John Henry Haynes and the Wolfe Expedition
In the late nineteenth-century, American learned societies sought to catch up with their European counterparts in the study of "Biblical archaeology." One of the first scientific expeditions launched as part of this effort was funded by Catherine Lorillard Wolfe (1828-87) and staffed by J. R. Sitlington Sterrett and John Henry Haynes, together with William Hayes Ward (1835-1916) and Daniel Z. Noorian (1865-1929). The four men set out from Mersin in October 1884 and traveled east via Mardin, Mosul, and Erbil to Baghdad. A second leg of the journey led through southern Mesopotamia, while the return trip in the spring of 1885 led back west through Syria, including a stop at Dura Europos and an especially productive five-day stay in Palmyra.
Haynes, the expedition's photographer, had learned his craft in Athens from William James Stillman (1828-1901), whose picturesque approach to ancient architecture he adopted. Haynes also developed a keen eye for scenes of daily life, as witnessed by his fine view of weavers at work in the Iraqi town of Anah.

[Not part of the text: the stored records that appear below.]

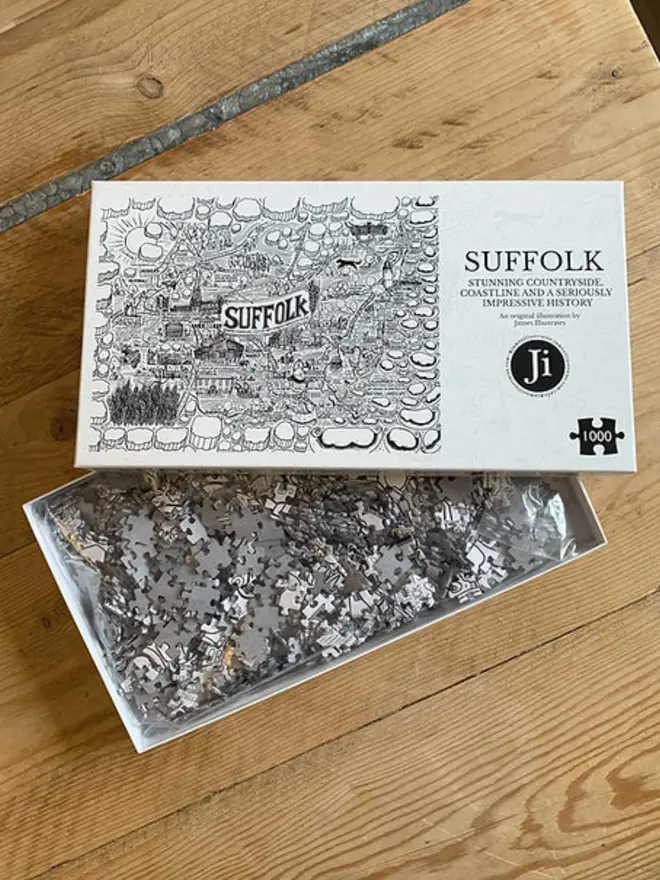 Suffolk Jigsaw Puzzle - 1000 Pieces Open Box
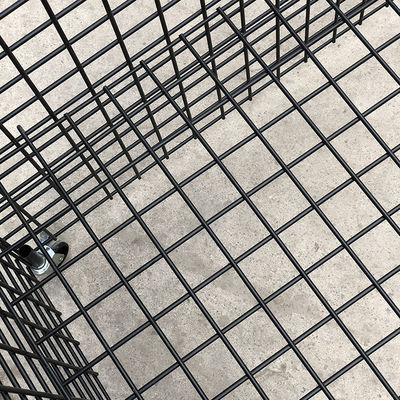 Carretilla de la jaula de Warehouse que hace compras, carretilla resistente 945*965*760m m de la jaula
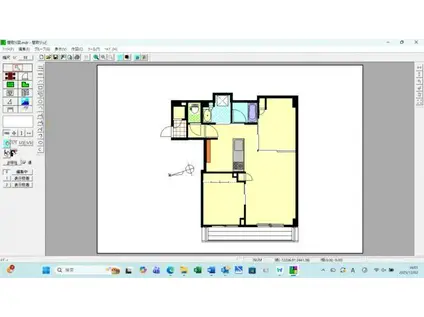 アトラスタワー五反田(2LDK/25階)の間取り写真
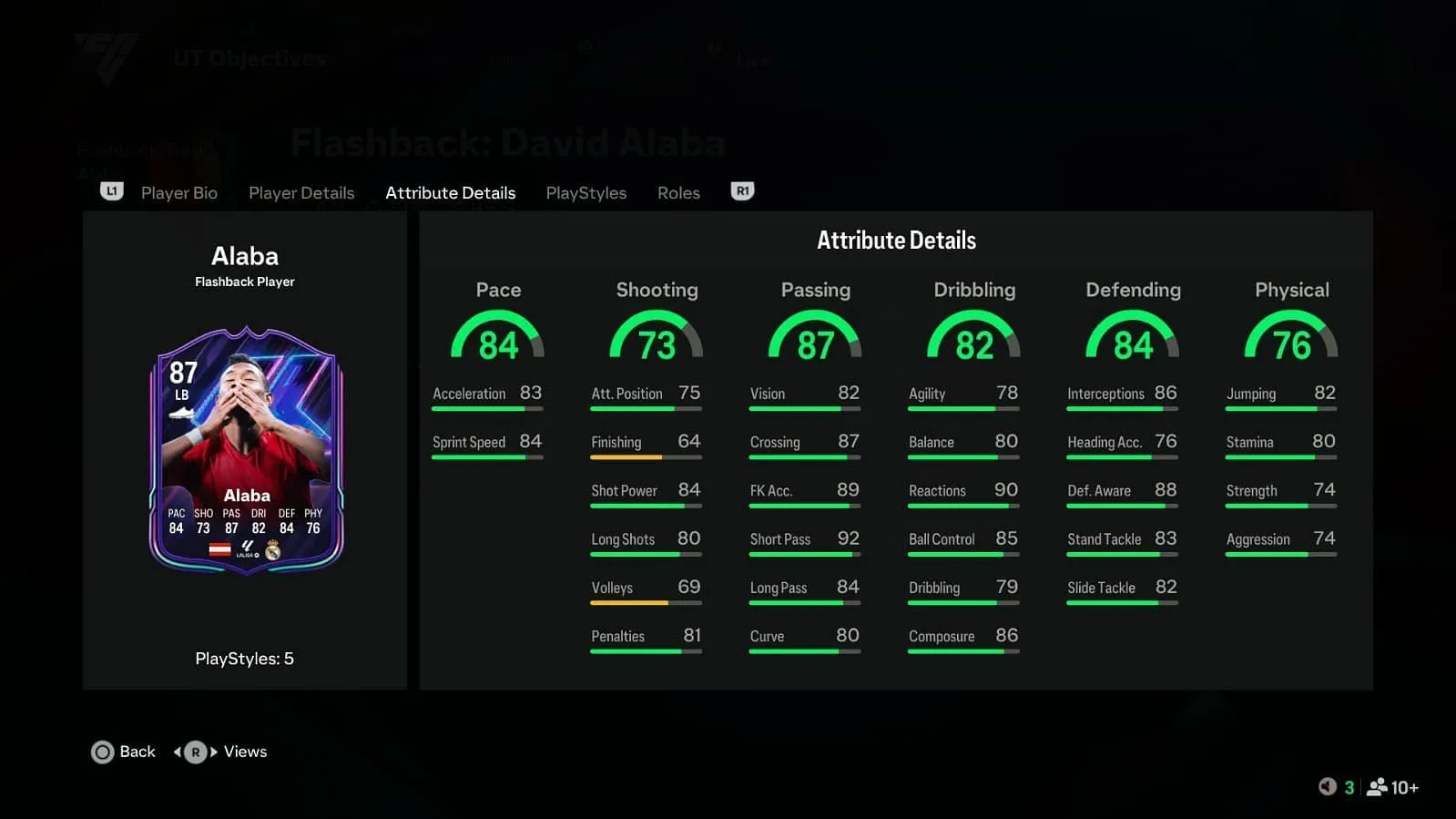 The card has amazing stats (Image via EA Sports)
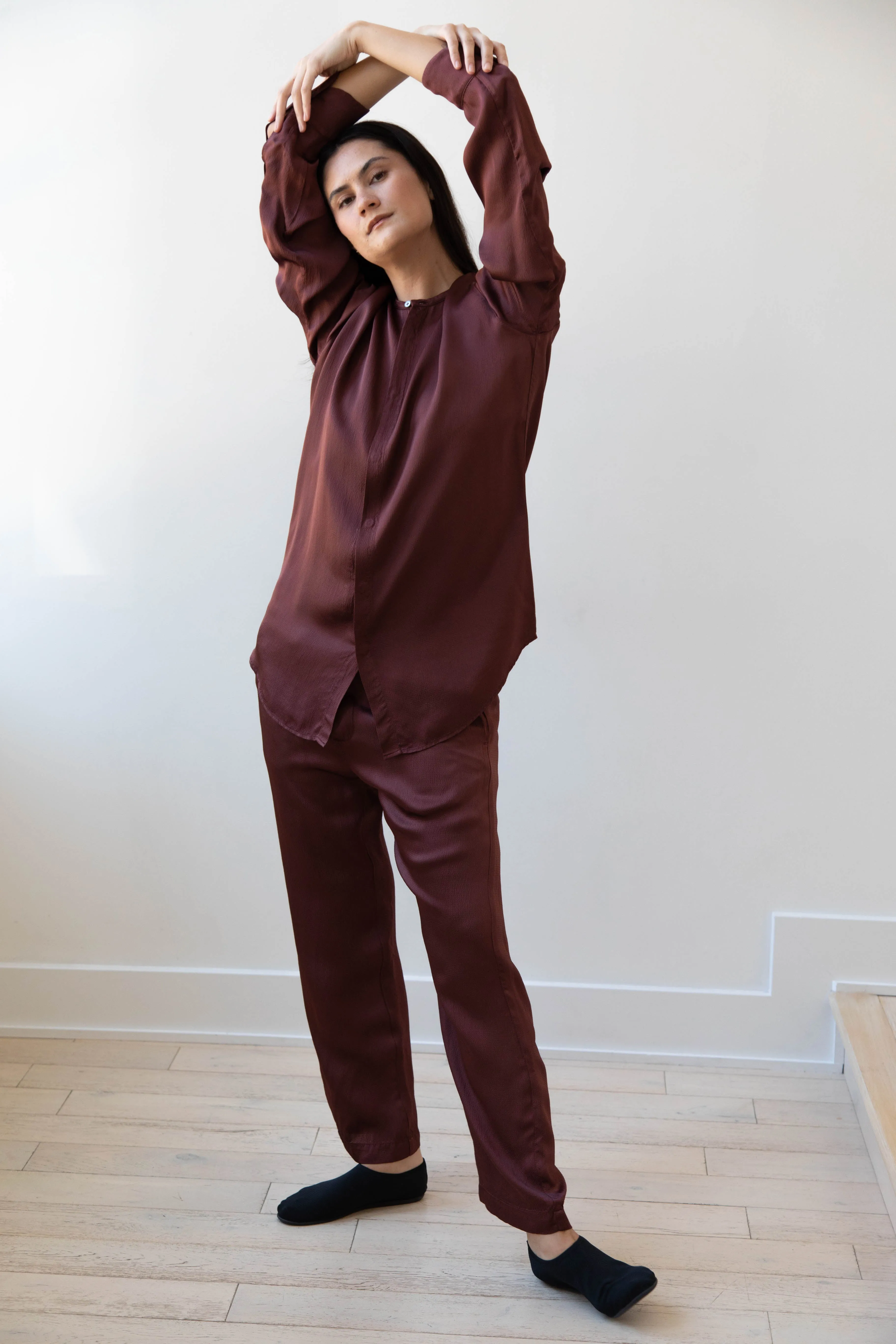 Barena Venezia | Molli Ondina Blouse in Vino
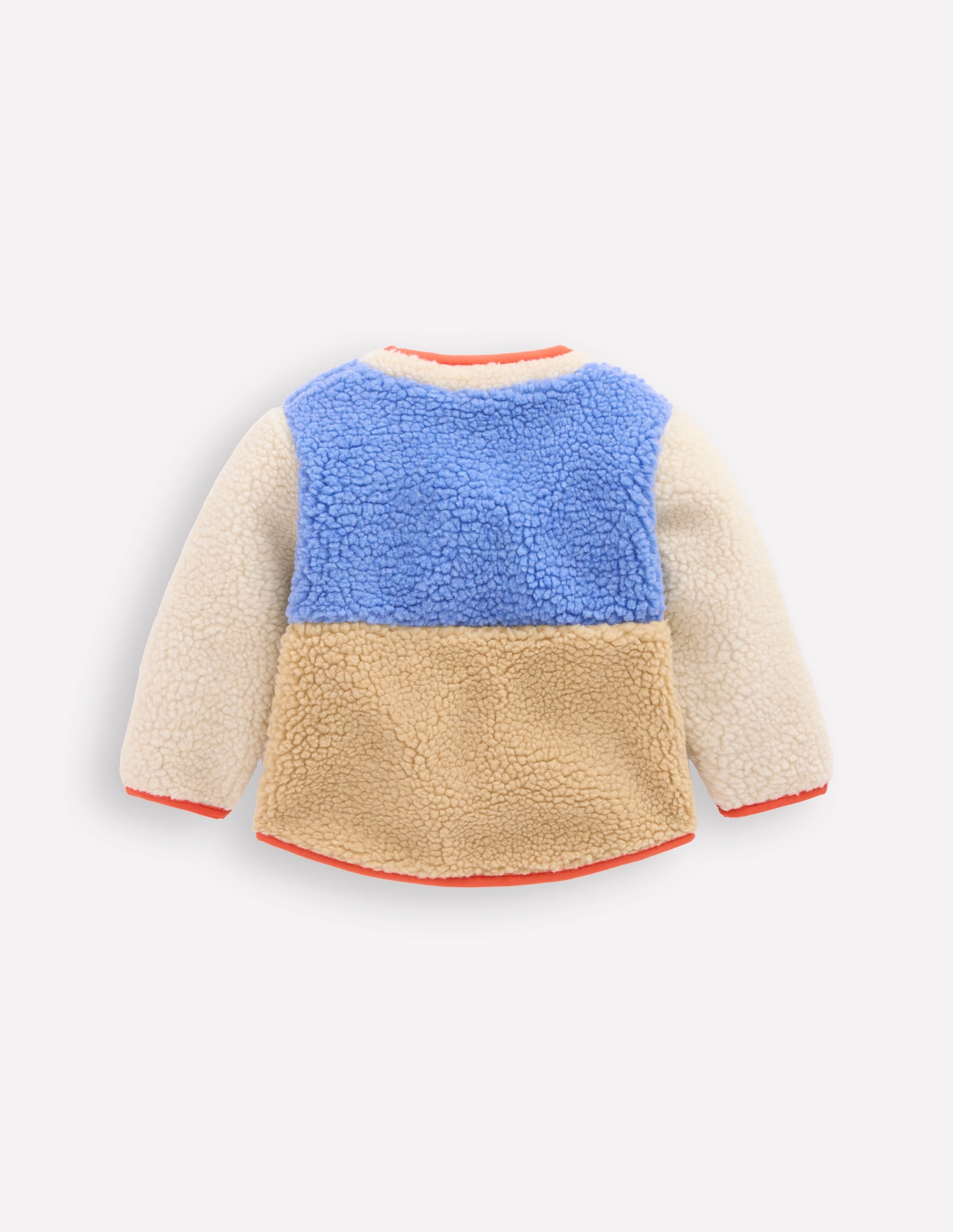 Kuschelige Teddyfell-Jacke-Bunt Blockfarben - Image 2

Cornell may hold the most complete set of Haynes's photographs from the Wolfe Expedition. Many are numbered on the print, but the key has been lost. The subjects of some may be identified by the monuments depicted, and others with reference to Haynes's journal, which is preserved in the archives of the University of Pennsylvania Museum of Archaeology and Anthropology. The remainder speak to us today primarily as evidence of Haynes's unique vision.